Market analysts were not surprised when Louis Vuitton Moët Hennessy (LVMH), the world number one in luxury goods, made a move on Hermès in 2010. What began as a corporate courtship turned into something much more unpleasant. The Hermès dynasty dug in for a long siege which lasted for four years until a truce was called.
Hermès complained of the apparently underhand way LVMH had secured a large stake in its company. Claim followed counter-claim, and the whole affair was heading to the courts when an agreement was finally reached, and both parties went their separate ways. Axel Dumas, the sixth-generation Hermès chief executive, described the event as “the battle of our generation.” But the fight illustrated the precarious perch occupied by Hermès. Can an essentially family-run business maintain its independence in the shark-infested waters of 21st century big business?

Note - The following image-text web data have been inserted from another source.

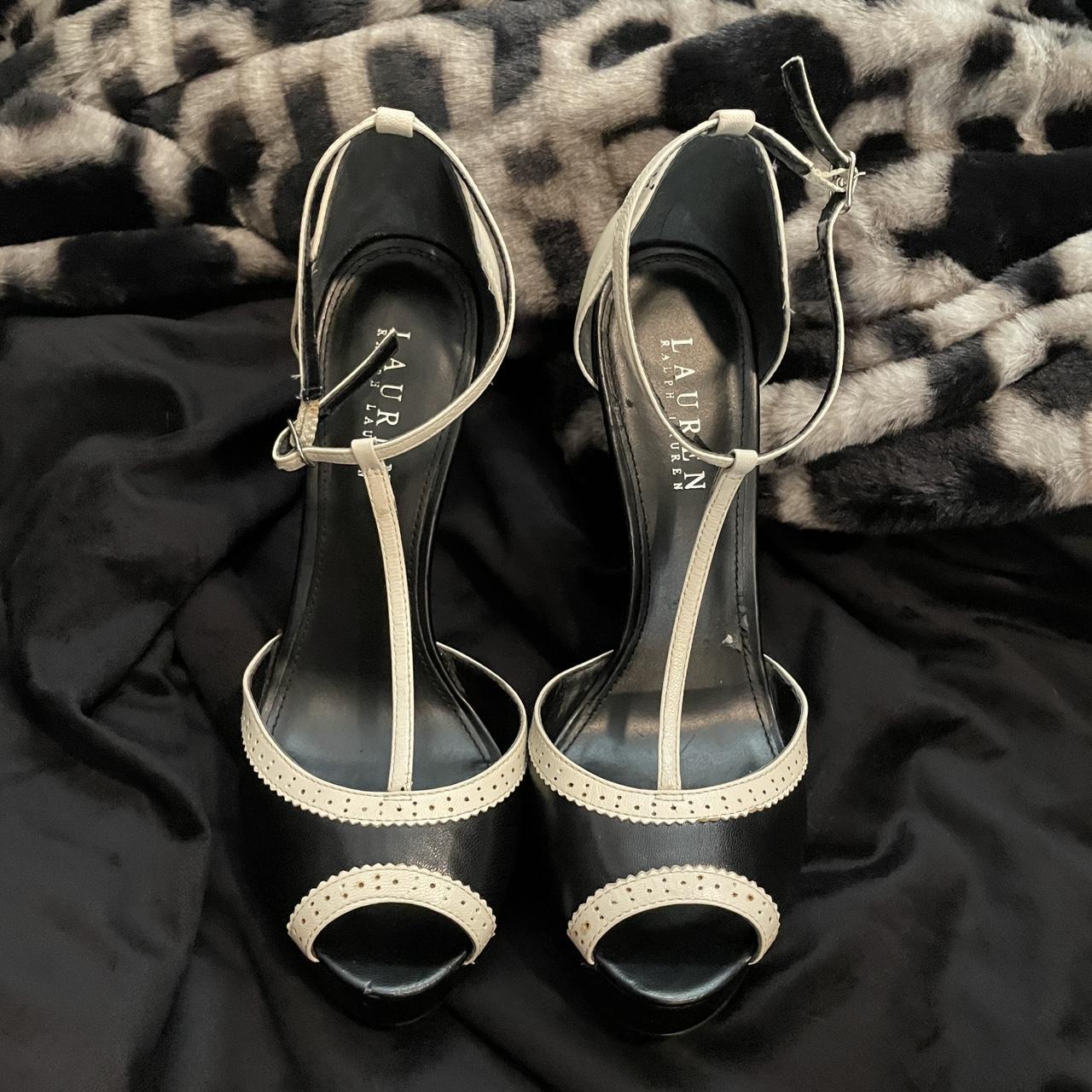 ralph lauren black heels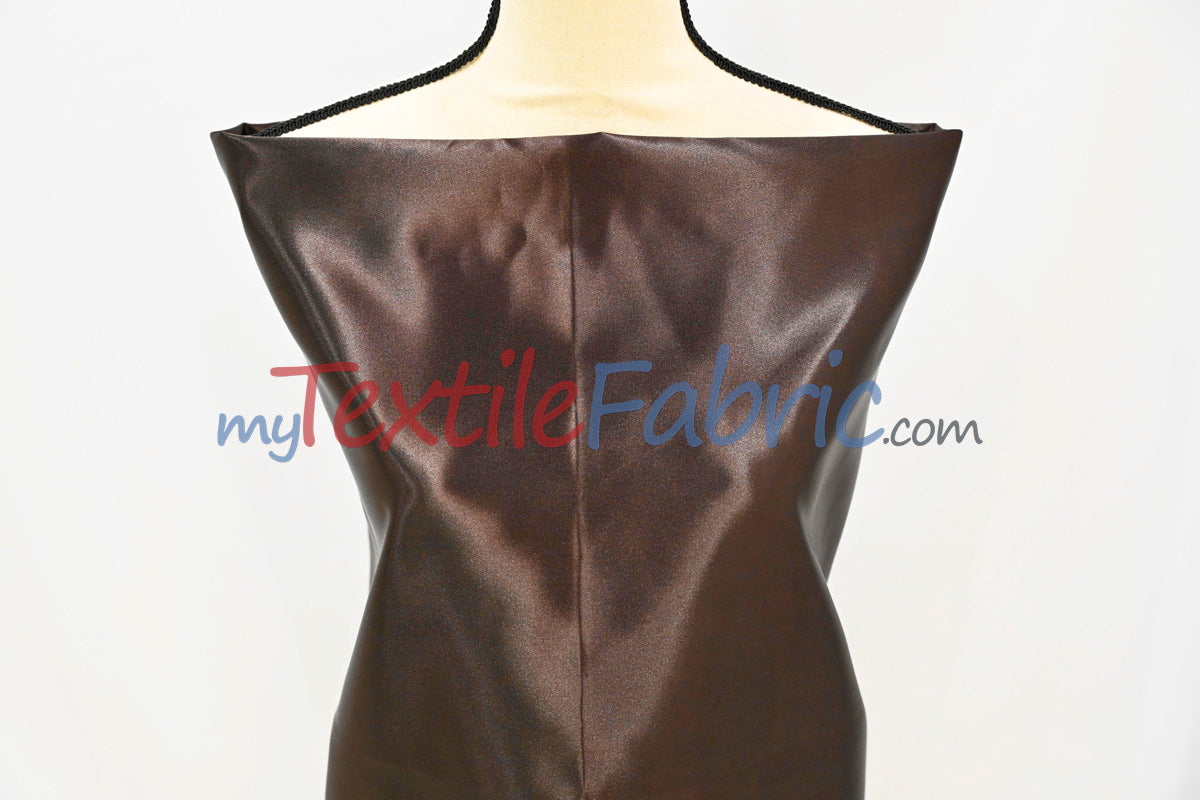 Bridal Satin Polyester Fabric - Shiny Solid, 58/60" Width, Multiple Colors (Yards, Bolts, Sample Swatches)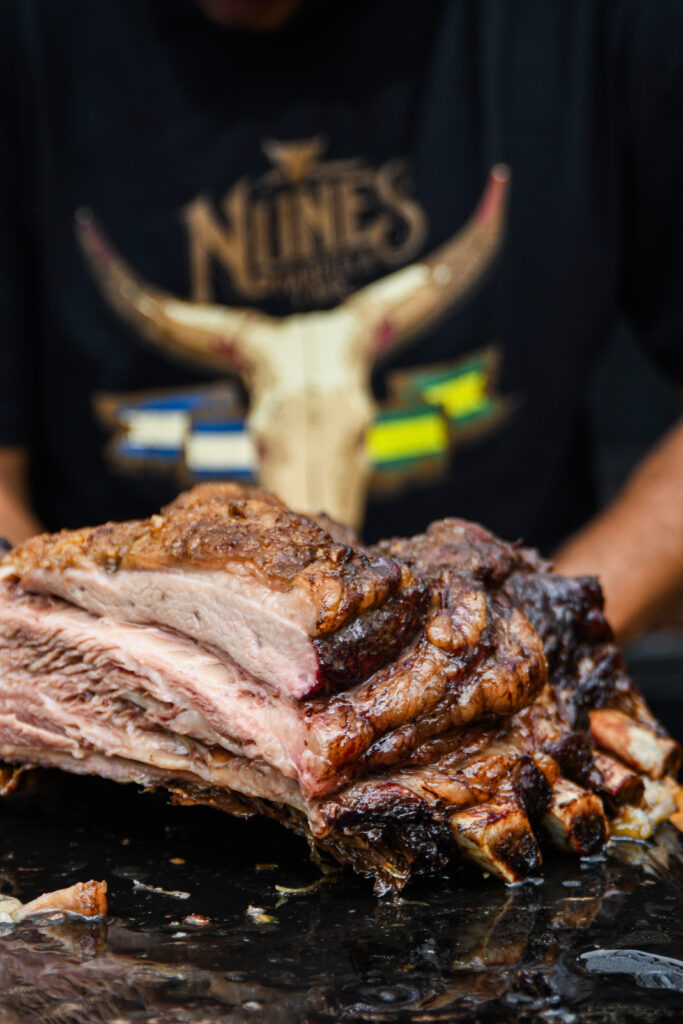 Pratos servidos no festival Nunes parrilla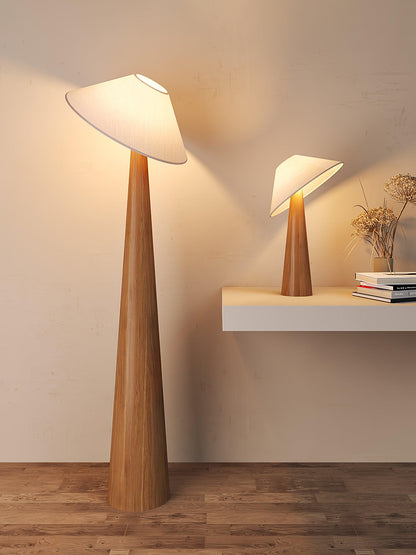 Tilt Hat Wooden Table Lamp Table lamp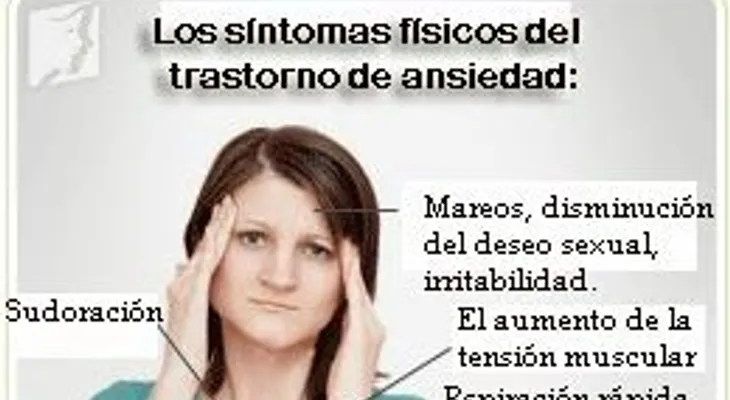 El trastorno de ansiedad generalizada y sus síntomas físicos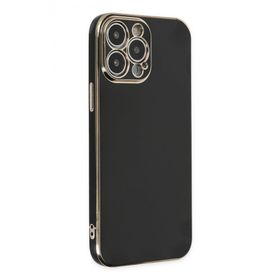 Newface iPhone 14 Pro Volet Silikon Siyah Cep Telefonu Kılıfı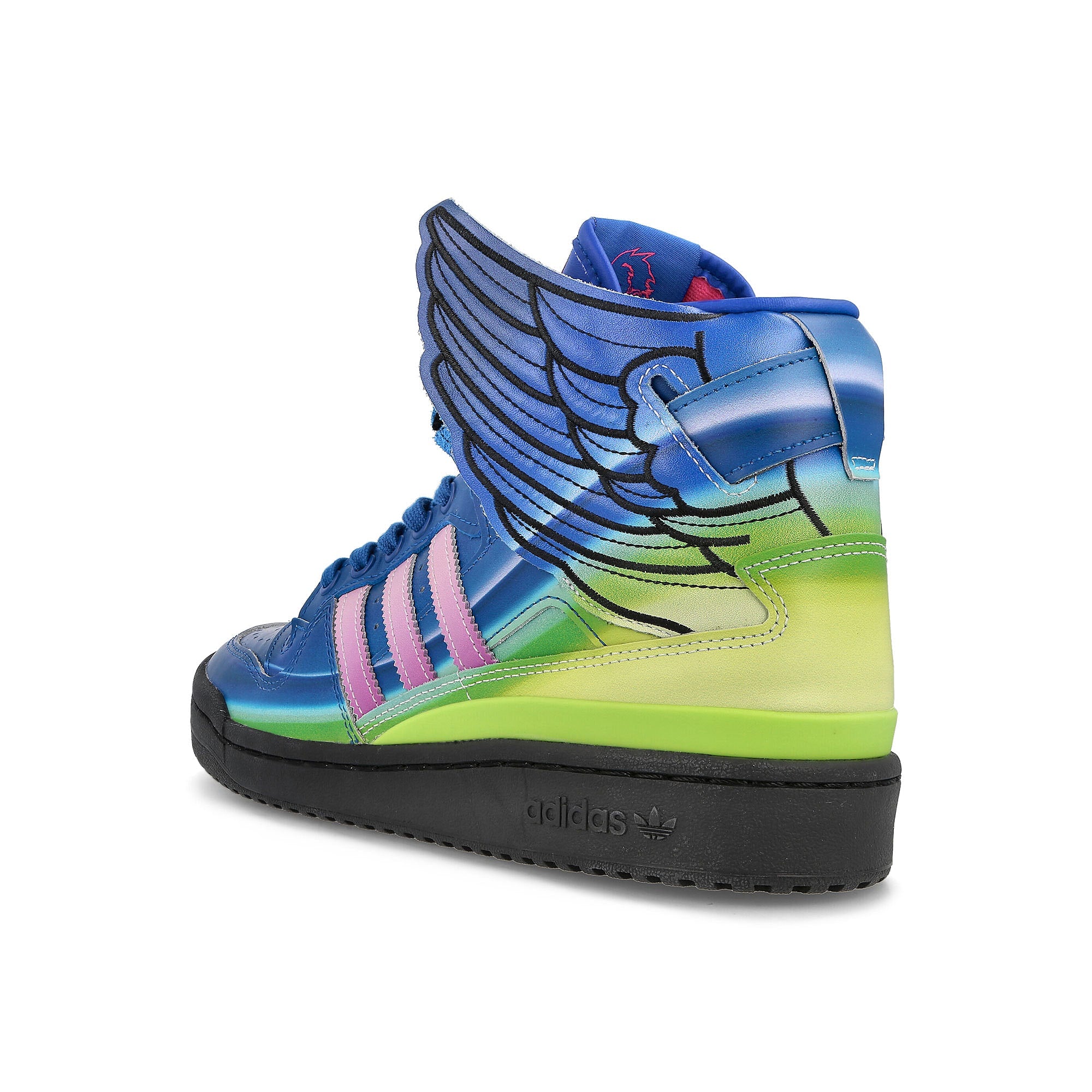 adidas Jeremy Scott x adidas Motorsport Wings 4.0 Bold Blue / Shok Pink / Light Pink Sneakers Material | Overkill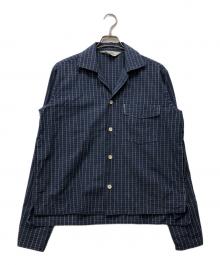 SUNSEA（サンシー）の古着「Brick Check Gigolo Shirt」｜ブルー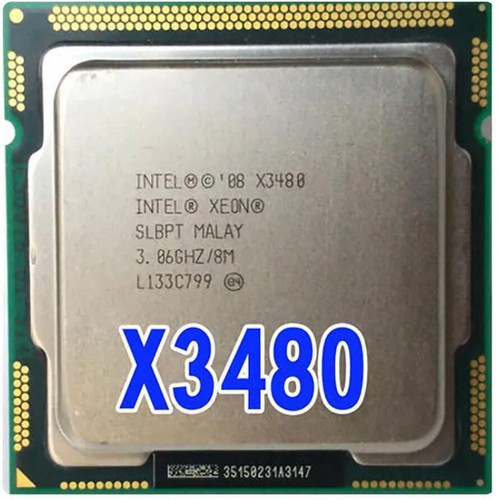 Intel Xeon X3430 X3440 X3450 X3460 X3470 X 3480 LGA1156 CPU - Picture 7 of 12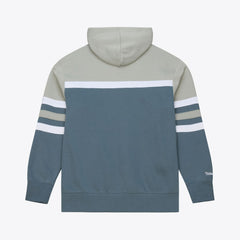 San Diego Padres Cooperstown Collection Thunderstorm Head Coach Hoodie - Gray | Mitchell & Ness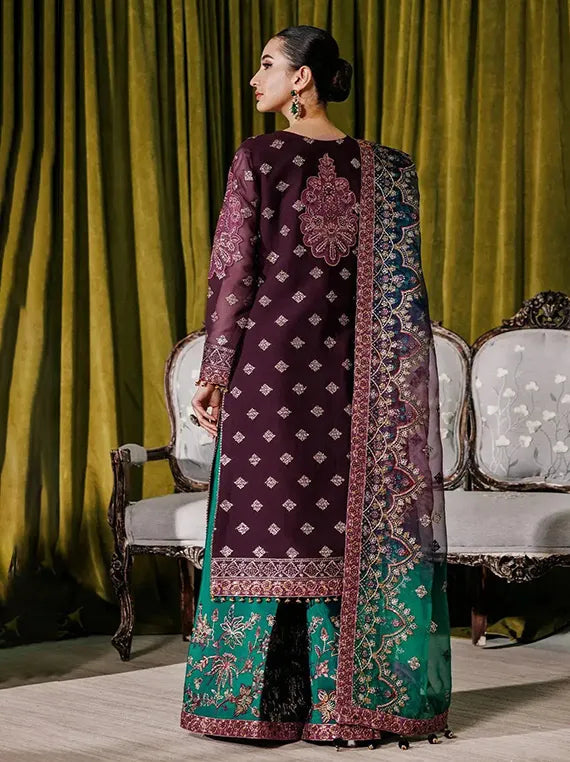 Alizeh Eternal Charm Luxe Collection 2025 (2173-Nagar B Magenta)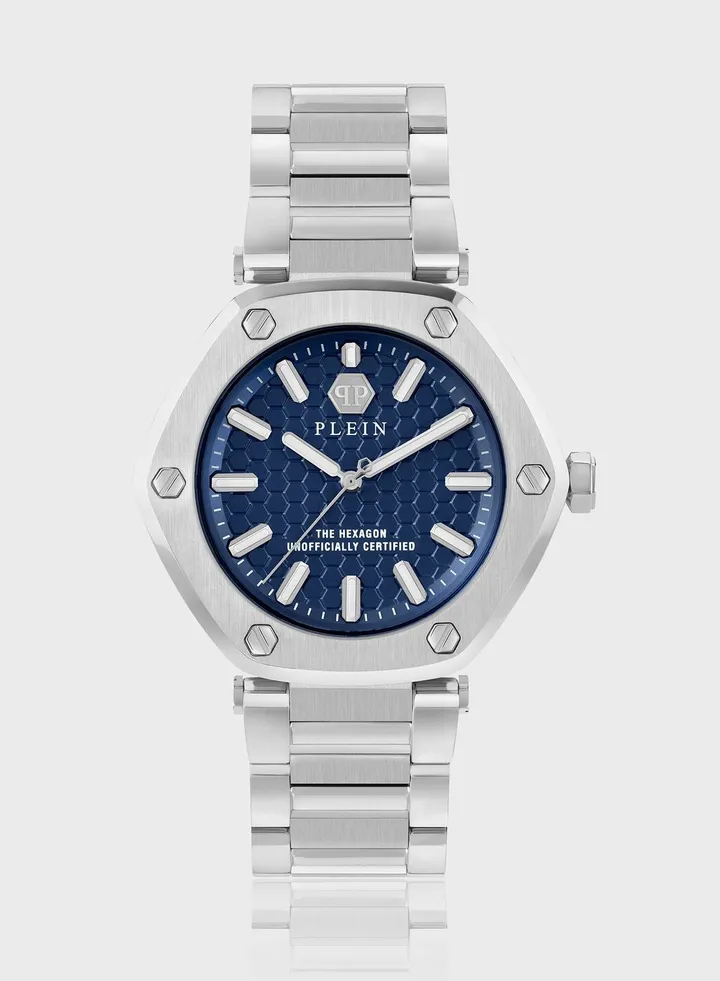 Hexagon Stainless Analog Watch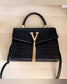 Bolso V negro Elegante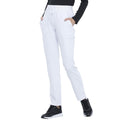 Elle Women's M Tall Scrubs Pant Natural Rise Straight Leg White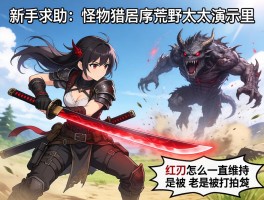 新手求助！怪物猎人荒野太刀演示里红刃怎么一直维持？老是被怪拍飞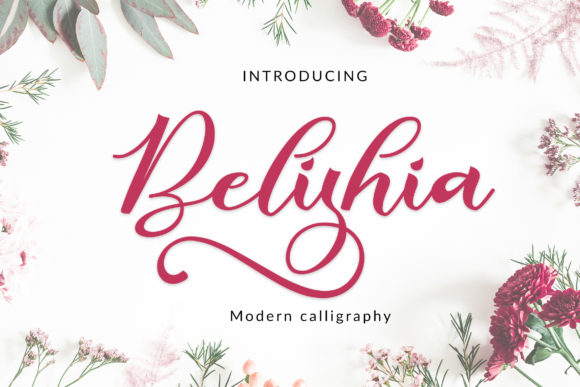 Belishia: A Handwritten Font for Web Designers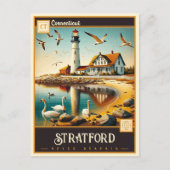 Stratford, Connecticut | Carte postale Vintage (Devant)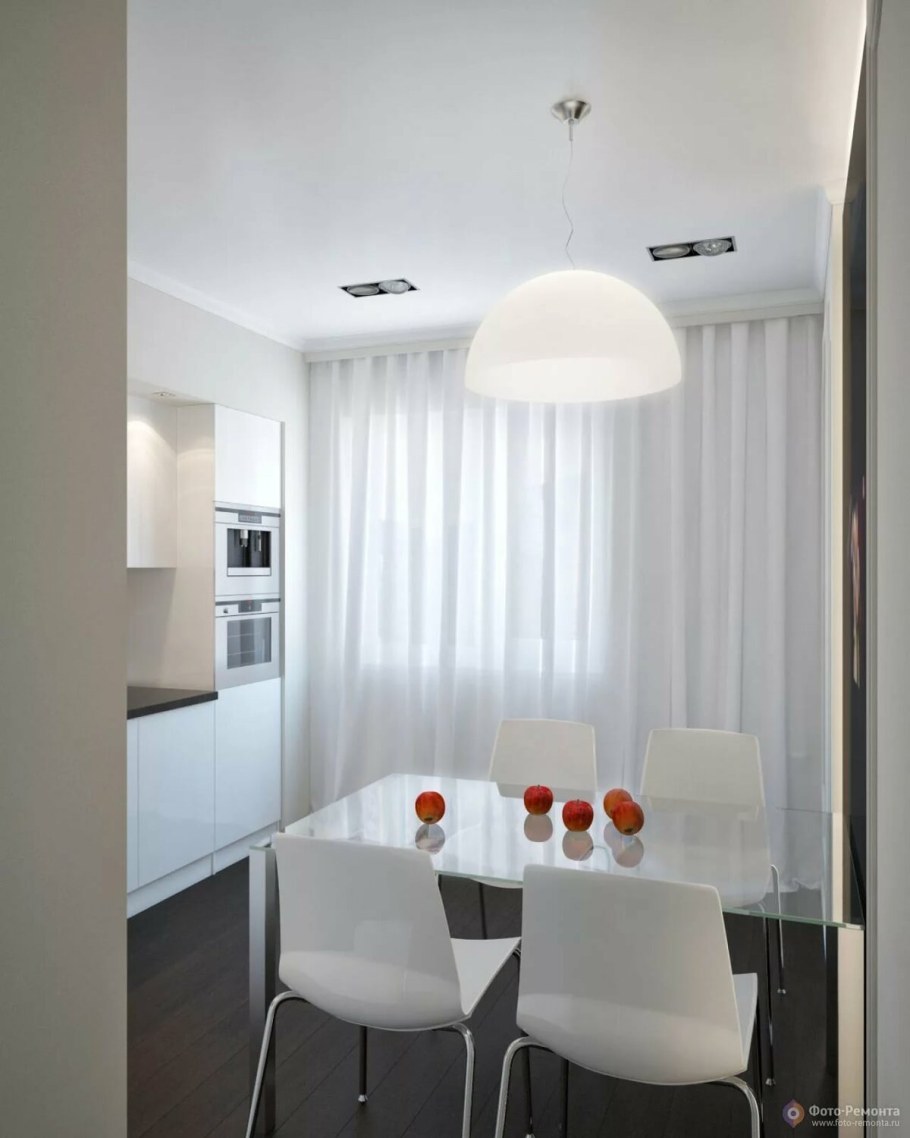 Маленькая кухня в стиле Минимализм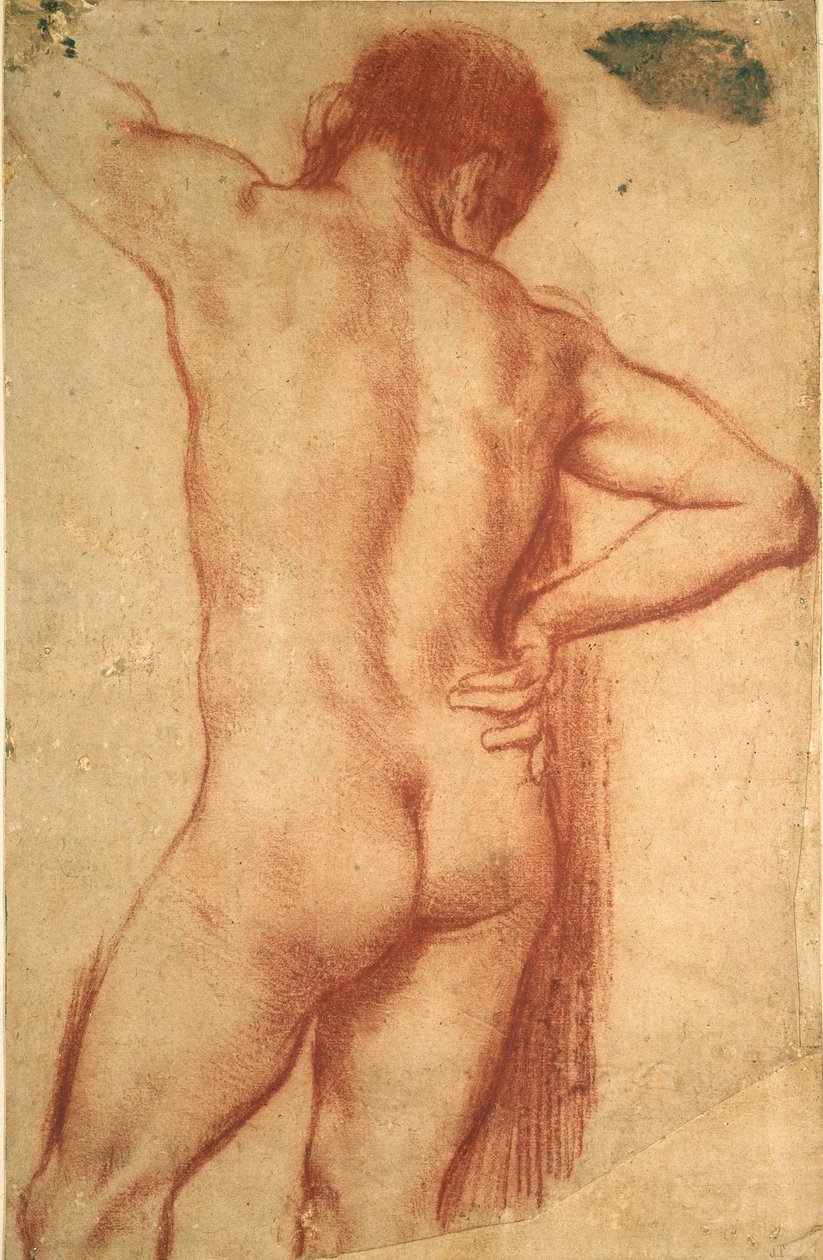 Studie van een naakte man, 17e eeuw door Annibale Carracci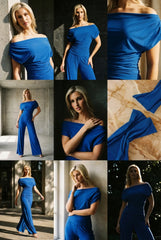 Atom Label Colbalt Blue Carbon Jumpsuit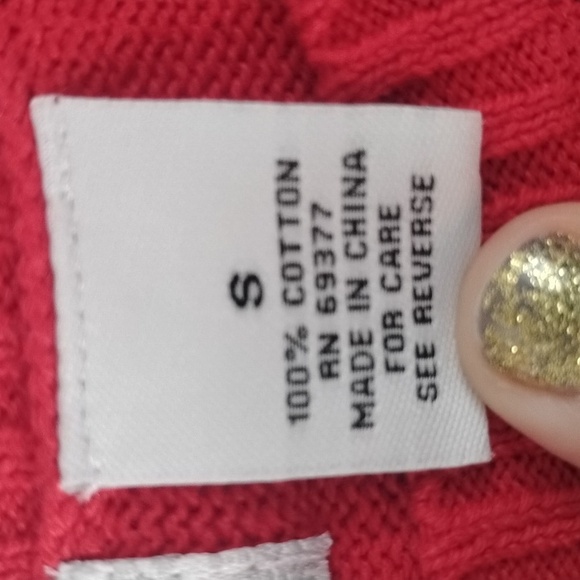 Isabella's Closet Sexy Festive Red Elf Crew Neck Sweater 100% Cotton Size S - Picture 9 of 16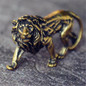 3D Mini Lion Casting Animal Figurine Retro Style Metal Sculpture Home Office Room Desktop Decoration Collect Ornaments Gift — image 4 of 9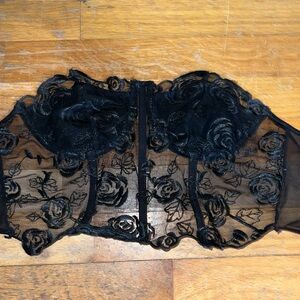 Black rose corset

The luxury goods market has taken full advantage of the emerging Asian markets, particularly China, where demand has surged in recent years. But with gloom settling on China, Hermès, together with other elite brands such as LVMH, Chanel, and Dior, are braced for heavy weather. Indeed, in February this year, Hermès warned that the global slowdown would weigh heavily on its sales.
Conventional wisdom has it that, in any economic downturn, the market for luxury items tends to hold up well, even as wealthy consumers consider the wisdom of extravagant spending. As the curve on the graph begins to climb again, opulence comes quickly back into fashion. And Hermès, among other brands, sensibly understands that trading with the Chinese is a long game.
Chinese consumers want quality, and they want internationally-known brands, too – which sees Hermès well-placed. The company is already in the top twenty most searched-for luxury brands in China. Timing, as ever, is all-important. Hermès is still in the process of expending capital in China to establish itself. Holding that line in this climate may prove to be challenging.
But Hermès has a reputation for adapting to the changing climate of commerce. It has recognised, for instance, that Internet trading is fast becoming the norm; the Internet’s share of the market is beginning to eclipse traditional store sales in practically all sectors. Hermès has responded with a series of internet “pop-up shops,” which have proved to be a useful and sophisticated alternative route to market.
Hermès has survived almost two centuries in which turbulence has been the norm. There’s no reason to suppose that it has lost the ability to be savvy and quick to respond to changing circumstances.
Not everyone is in the market for a new saddle, but they say that every 25 seconds, somewhere in the world, someone buys a Hermès scarf. If you’re looking for a measure of business success, that statistic is hard to beat. Whatever the future holds for Hermès, one imagines that the world’s silkworms are going to be kept busy munching mulberry leafs for a long time to come.